The math is complex, but the reason for reporting the trial data this way is simple: By reporting only Relative Risk Reduction, Pfizer and Moderna can say that the shots are “95% effective.” The medical journals that reported the phase iii clinical trial findings with no mention of ARR measures being excluded has the effect of misleading doctors who read the journals and ultimately the general public with regard to vaccine efficacy. This most certainly breaches ethical and legal requirements related to informed consent.
And there is more tricky math.
How Many People Really Need to Be Vaccinated?
As you can see, the NNTV figures being reported are not as straightforward as they seem. For one thing, adverse events are not being included and these must be considered so people can fully determine the benefits versus risks.
Using the May 2021 numbers as reported on the VAERS database, it’s easy to see that the full story is not being shared with the public. As of May 14, 2021 the number of “serious” adverse events recorded in the VAERS database was roughly 180,000. Please note this number only represents recorded “serious” adverse events. The total number of recorded adverse events was 270,000, and recorded deaths were 4,201. And these are just the numbers recorded in the VAERS database. The actual number of reported adverse events and deaths are assumed to be even higher, but only those “proven” to be related to the vaccine get recorded.
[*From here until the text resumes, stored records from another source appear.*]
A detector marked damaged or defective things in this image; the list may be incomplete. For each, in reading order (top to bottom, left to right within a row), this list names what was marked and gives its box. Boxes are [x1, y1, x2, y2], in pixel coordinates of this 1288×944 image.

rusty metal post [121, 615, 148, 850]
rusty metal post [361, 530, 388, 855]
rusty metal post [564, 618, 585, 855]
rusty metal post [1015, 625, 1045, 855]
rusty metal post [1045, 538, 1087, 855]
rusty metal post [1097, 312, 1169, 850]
Also remember that only about 1%-10% of adverse events get reported.
In his article The Mathematical Conundrum of a Modern Medical Miracle Cure, authorJan Wellman uses Pfizer’s original statement of “95% effective” based on the RRR and extrapolates. He says that, using the numbers reported in The Lancet the Pfizer ARR rate after Phase 3 trials was 0.98%. This means that NNTV with the Pfizer shots to prevent 1 COVID-19 case is 117 (NNTV = 1/ARR). Although using the Israeli data the ARR for Pfizer is closer to 0.46%, so the NNTV is 217.
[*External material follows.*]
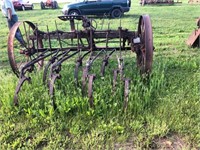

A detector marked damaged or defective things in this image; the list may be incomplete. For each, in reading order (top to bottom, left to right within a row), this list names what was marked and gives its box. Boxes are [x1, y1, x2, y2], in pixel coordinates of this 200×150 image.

rusty horse drawn digger [6, 14, 153, 109]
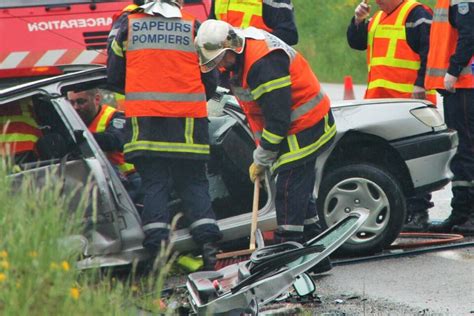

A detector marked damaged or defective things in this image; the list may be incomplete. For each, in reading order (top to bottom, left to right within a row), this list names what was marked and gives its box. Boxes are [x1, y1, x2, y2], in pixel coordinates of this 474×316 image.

damaged silver car [0, 65, 460, 268]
He then goes on to include Infection Fatality Rate (IFR). IFR is the number of people who need to be infected to produce 1 fatality. Using an IFR of 0.05% for people under 70 as reported by PANDATA.org, Wellman states that 2,000 people would need to be infected by the virus to produce one fatality. He concludes that to avoid one COVID-19 death, the NNTV is 434,000 (217 x 2,000).
Wellman doesn’t stop there. With 155,251,852 million vaccinated in the U.S. and 179,176 “serious” adverse events and 4,201 dead in the USA, he extrapolates further to determine how many people would need to die or be seriously harmed to prevent 1 COVID-19 fatality. The numbers are sobering. He concludes that 12 people would need to die and another 502 would need to be seriously harmed to prevent 1 COVID-19 fatality.
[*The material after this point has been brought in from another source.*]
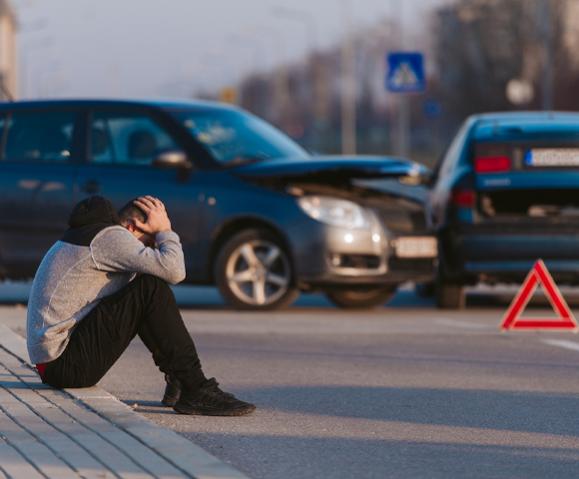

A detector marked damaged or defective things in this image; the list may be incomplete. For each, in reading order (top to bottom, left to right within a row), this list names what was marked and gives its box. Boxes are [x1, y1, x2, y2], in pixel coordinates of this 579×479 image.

damaged car hood [231, 157, 430, 183]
In summary Wellman shows that 434,000 people would need to be vaccinated; of them 12 would need to die and 502 would need to suffer serious injury to prevent just 1 single COVID-19 fatality.
In his Moderna rapid response letter Dr. Cunningham provides some additional perspective:
How does this (NNTV=1,370) compare with other vaccines? Before the measles vaccine became available 90% of children in North America had measles by age 10. Two doses of the vaccine are about 95% effective, so a vaccinated individual’s risk is reduced by 0.855 (0.90 x 0.95), and the NNTV = 1.17 (1/0.855); this is extraordinarily effective…Shouldn’t absolute risk reduction be reported so individuals can make fully informed decisions about vaccinations?